Hedge funds have now sold down a net 314,410 contracts since April 19, when their bullish positioning peaked at 1.28m contracts, the second largest number on records going back to 2006.
Sugar selling
This time, New York-traded soft commodities led the decline, with raw sugar suffering net selling of 22,278 contracts as market sentiment suffered from factors including a softening in oil prices, amid global economic growth worries.
Weaker oil values undermine values of ethanol, in turn depressing sugar, which competes with the biofuel for cane in countries such as Brazil.
StoneX last Tuesday also depressed sentiment by forecasting a world sugar production surplus of 4.1m tonnes in 2022-23, helped by strong Asian output, while data from Brazil showed the new season’s cane harvest winding up faster than many investors had thought.
A further reversal in the Brazilian real, after its early-year rally, was also – given the South American country’s status as the top sugar exporter – viewed as undermining prices of the sweetener, cutting its value in dollar terms.
Hedge funds vs roasters
The real, and world economic worries, were also viewed as encouraging a selldown in arabica coffee futures and options, which also suffered a fourth successive week of selling, driving the managed money net long below 20,000 contracts for the first time in more than a year.
This even as the New York July contract fell by 6.5% during the week to close last Tuesday at 203.80 cents a pound, the weakest finish for a nearest-but-one lot in six months.
However, hedge funds’ build of their largest number of short bets in coffee since August left them wrong-footed by the 6.8% rebound in coffee futures since Tuesday, to 217.70 cents a pound, on fresh Brazilian frost worries, besides weakening expectations for the rain-beset Colombian arabica crop.

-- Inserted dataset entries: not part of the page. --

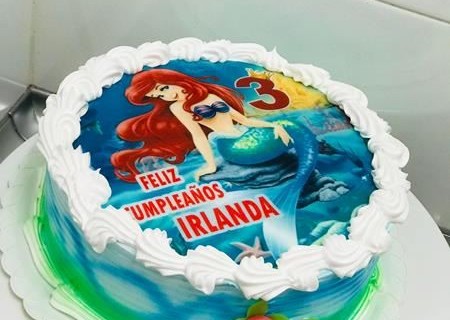 287243662_2100240243514923_8134897666528428003_n-Copy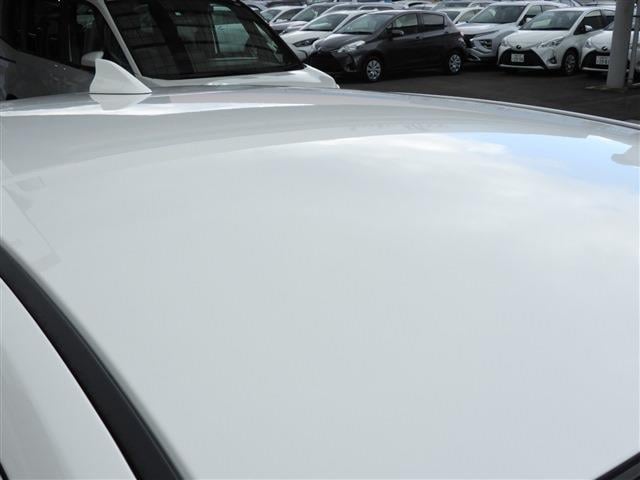 1300195A30241113W00711.jpg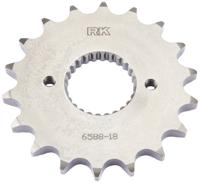 RK Sprocket 530 18z standard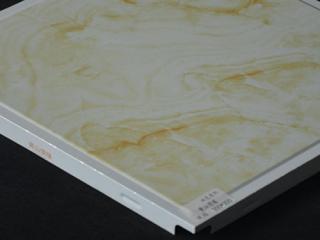 哪有批發(fā)鋁扣板吊頂-鋁扣板批發(fā)廠家來回答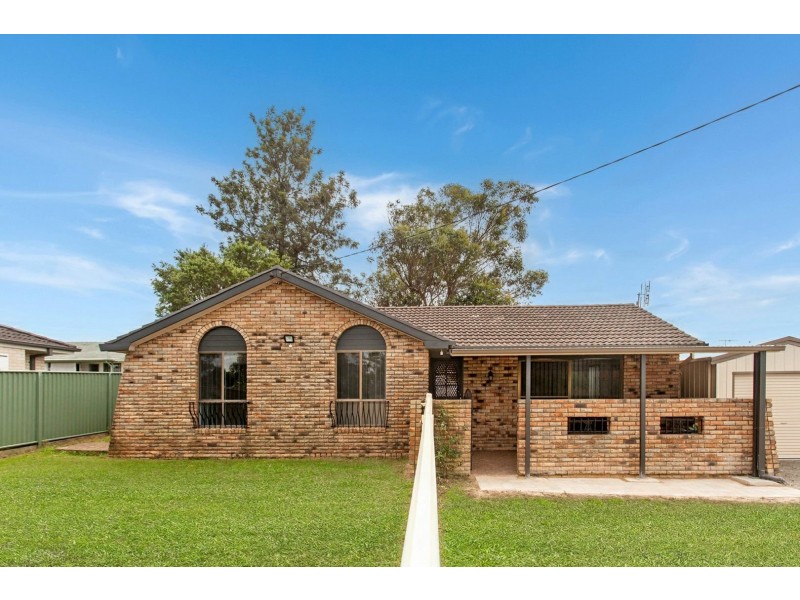 80 Cessnock Street, Aberdare NSW 2325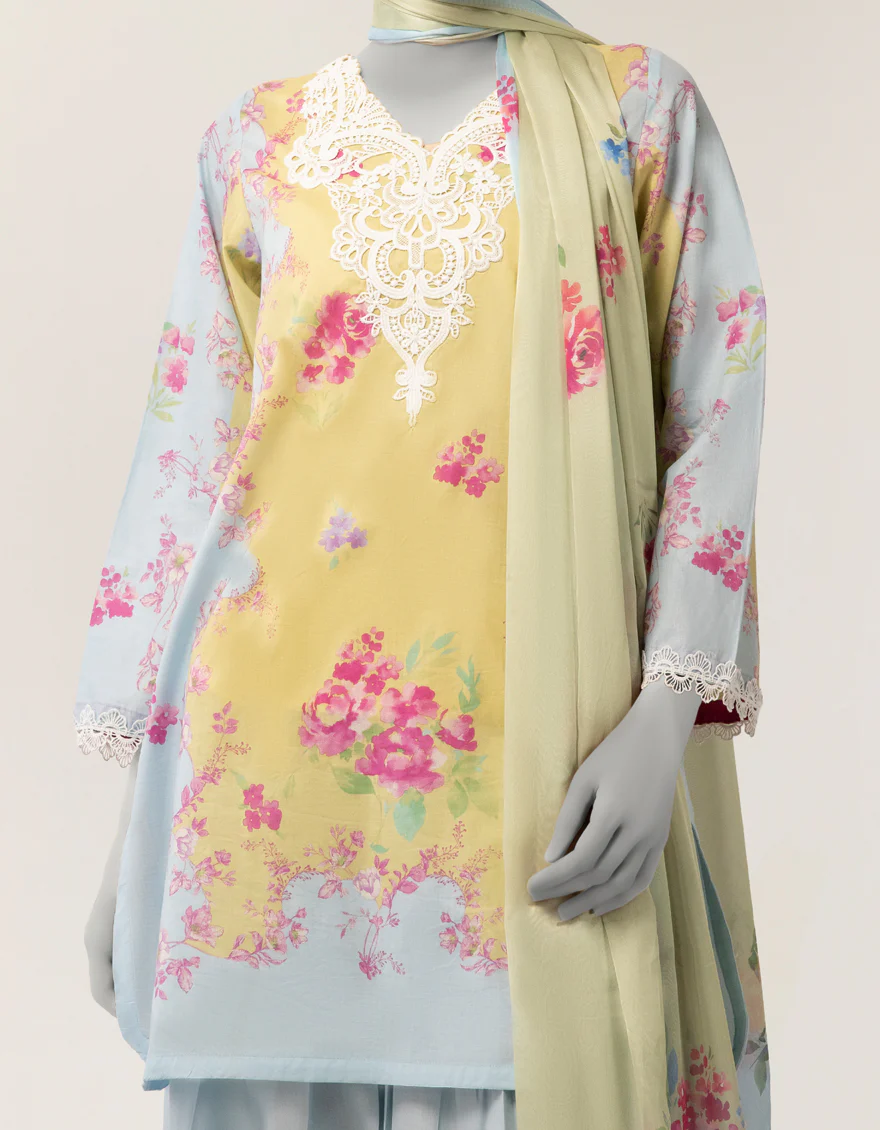 JLAWN-S-26-422/S CROCHET-01 - Image 3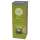 HOT - analni gel - sproščujoče mazivo - krema (50 ml)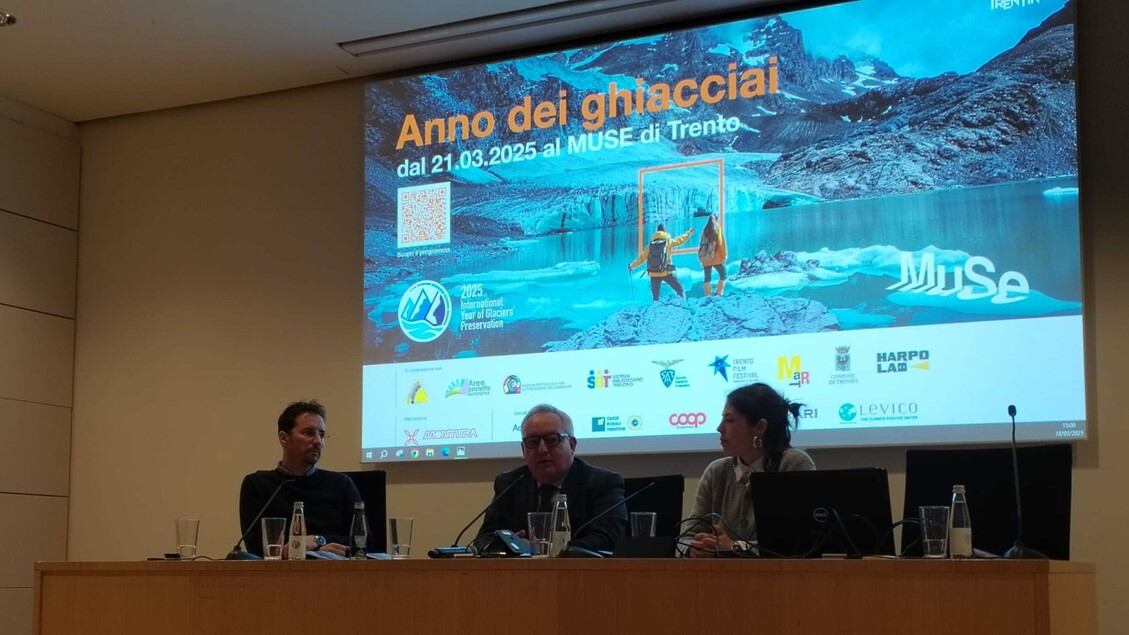 Inaugurazione Di Un27Importante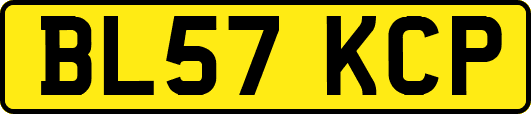 BL57KCP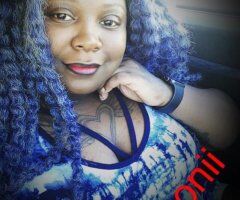 LAST DAY HERE📍7⃣0⃣💲SPECIAL TIL 8⃣P.M💕🅢🅔🅡🅘🅞🅤🅢 🅘🅝🅠🅤🅘🅡🅘🅔🅢 - Image 3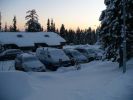 Файл=iso_syote_park.jpg
Объём=63KB
Размеры=800x600
Дата=Янв 12, 2009 iso_syote_park.jpg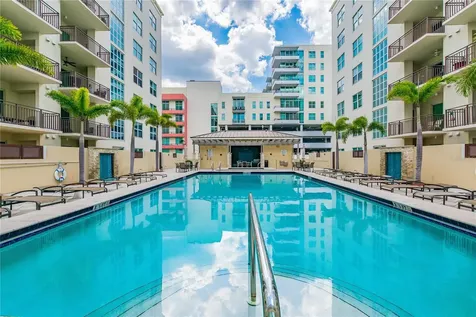 1227 E Madison Street Tampa FL 33602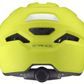 Bollé Hjelm Stance Pure - Flere Farver/størrelser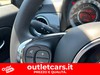 Fiat 500 1.0 hybrid cult 70cv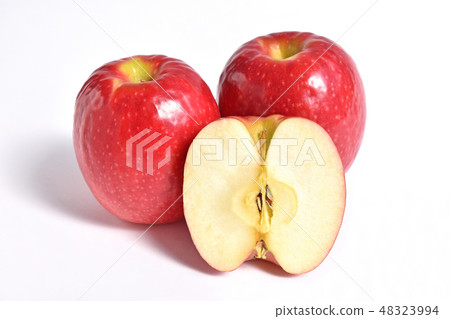 Apple (Pink Lady) 48323994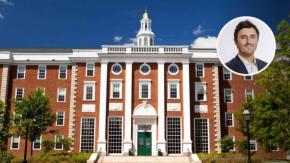 Perplejidad e incertidumbre: El testimonio de estudiantes chilenos de Harvard tras las duras medidas de Trump”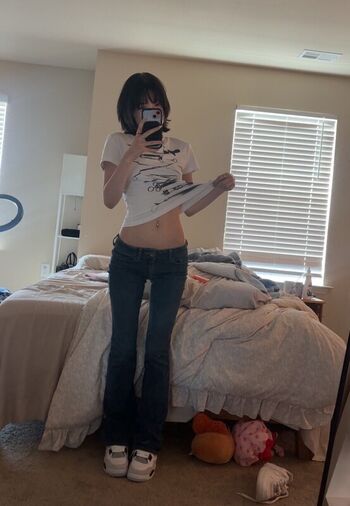 Isizzly leaked private photo uncensored HD quality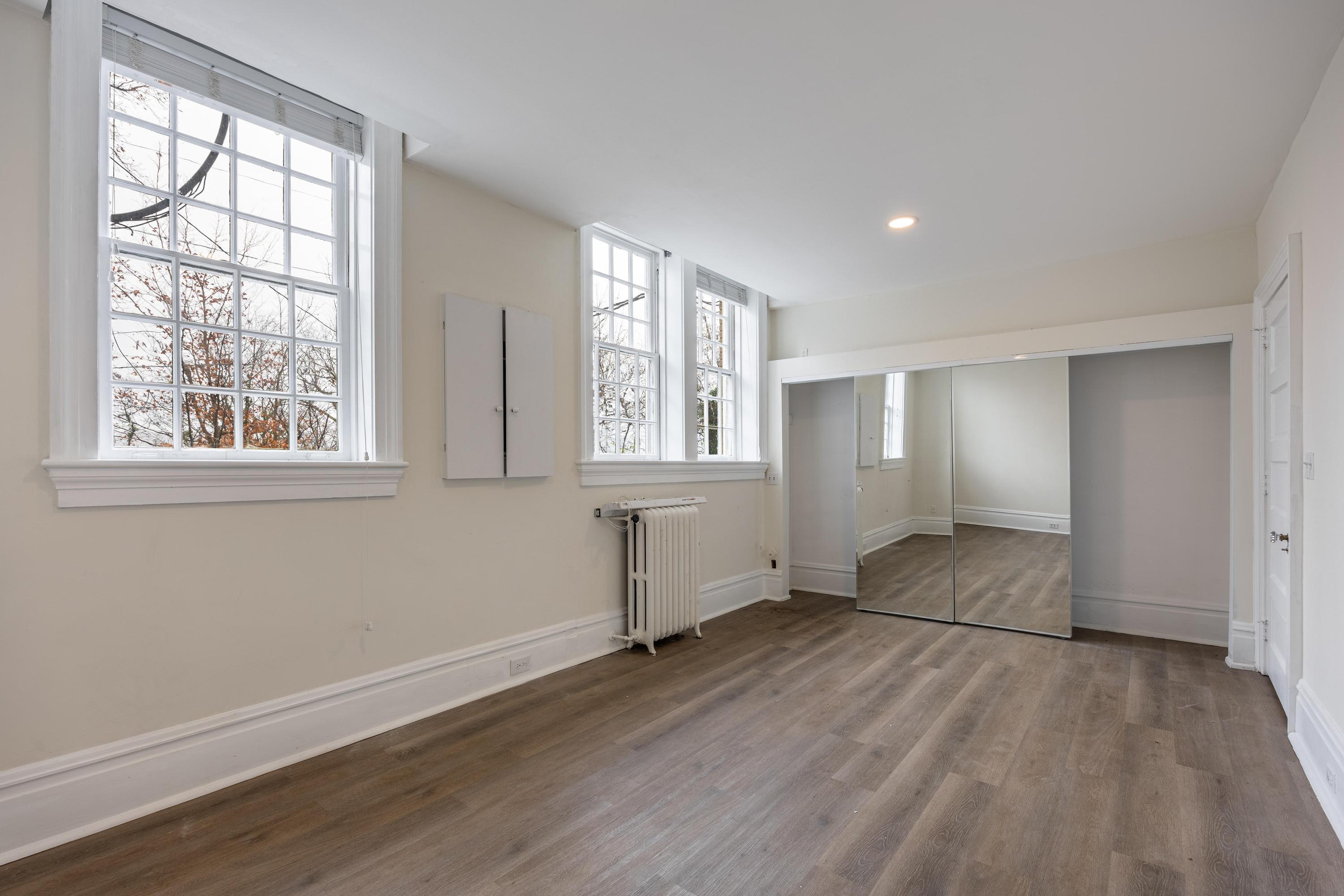 31 Minnekahda Place Chattanooga, TN 37405 - Photo 117 of 119 UNIT 7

Indeed, trade investors proved more canny, stocking up on extra beans during the price dip to send the commercial gross long in arabica, as shown by separate CFTC data, up by more than 10,000 contracts to more than 100,000 lots for only the third time in six months.
Soybeans vs wheat
Among grains and oilseeds, the soy complex again took the biggest hit as a weak pace of US spring sowings fuelled ideas that farmers may switch more land to soybeans, which have a later close to their sowings window than the likes of corn.
Net selling of 22,592 contracts in soybeans themselves representing the biggest such move in six months, with managed money cutting its net long in soymeal to the lowest since Christmas.
Wheat bucked the trend, with investors pulling out of a three-week selling spree in Chicago soft red winter wheat – even as the market was braced for gains on Thursday’s US Department of Agriculture forecasts, and the weekend’s news of India’s wheat export ban.